Chez Microsoft, un ancien webmaster est devenu «digital marketing optimization manager», complète Sébastien Imbert.

Paradoxalement, le digital a aussi apporté une nouvelle donne au marketing: «La plupart des équipes marketing n’étaient jamais en contact direct avec le client, rappelle Vincent Montet. Aujourd’hui, avec le marketing digital, il n’est plus rare de recevoir un mail direct du client ou des réactions, interpellations sur les réseaux sociaux.»

Enfin, une question n’est pas encore tranchée: qui du chief digital officer (CDO), chief data officer et du chief digital marketing officer (CDMO) va survivre à la révolution actuelle? Sébastien Imbert, de Microsoft, défend son métier. Pour lui, le CDMO a beaucoup d’avenir: «On commence à en trouver dans de nombreux groupes, mais il survivra s’il parvient à prendre de la hauteur, à donner un cap à son équipe et ne se limite pas à une mission tactique.»

Pour le chief data officer, les besoins sont tels dans les grands groupes, qu’il a de belles années devant lui. Quant au chief digital officer, il est trop tôt pour statuer: la logique voudrait qu’il se fasse harakiri, une fois que toute l’entreprise sera «digitalisée», mais pour l’instant il a encore pas mal de boulot…

 

Avis d’expert 

 

«Les fiches de poste n’ont plus de sens»

 

Vincent Montet, membre du conseil d’administration de l’IAB France, en charge des sujets emplois/formation et directeur de la stratégie digitale de l’Efap

 

«C’est la première fois que l’IAB se positionne sur les compétences, les ressources humaines et l’analyse des métiers.
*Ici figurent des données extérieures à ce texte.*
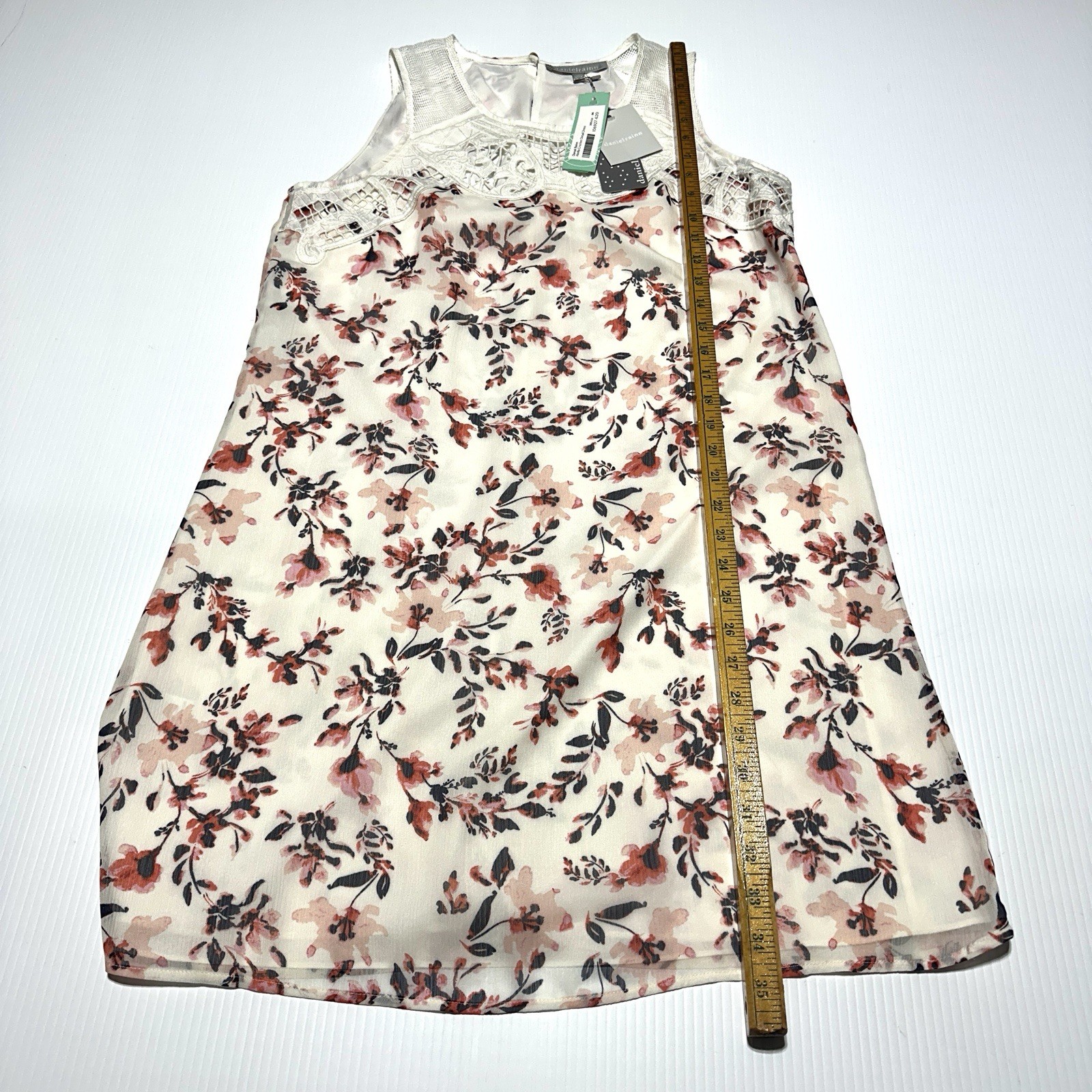 Daniel Rainn Stitch Fix Abella Crochet Detail Dress Size M Shift Floral NWT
Nous avons mené cette étude avec trois sponsors: Microsoft, La Poste et Aquent. Deux autres organismes nous ont rejoints dans cet état des lieux: l’ACSEL (Association pour le commerce et les services en ligne), le SNCD (Syndicat national de la communication directe) et le CPA (Collectif de la performance et de l’acquisition). L'étude a été menée entre novembre 2014 et janvier 2015, et nous avons eu 400 répondants. L’étude quantitative a été complétée par une étude qualitative, avec deux focus groupe auprès d’une d’une dizaine de personnes.

Le digital crée aussi une nouvelle culture des métiers. La technicité des nouveaux métiers, dont les outils se renouvèlent sans cesse, génère un jargon pour chaque communauté d’expertise. Par exemple, les gens de la performance et du display vont utiliser un vocable différent pour parler de la même chose. Et ils ont du mal à se comprendre. En plus, comme tout le monde tâtonne avec ces nouveaux jobs, le même métier est parfois nommé différemment d’une société à l’autre. Dernier constat: avec le digital les fiches de postes n’ont plus de sens.»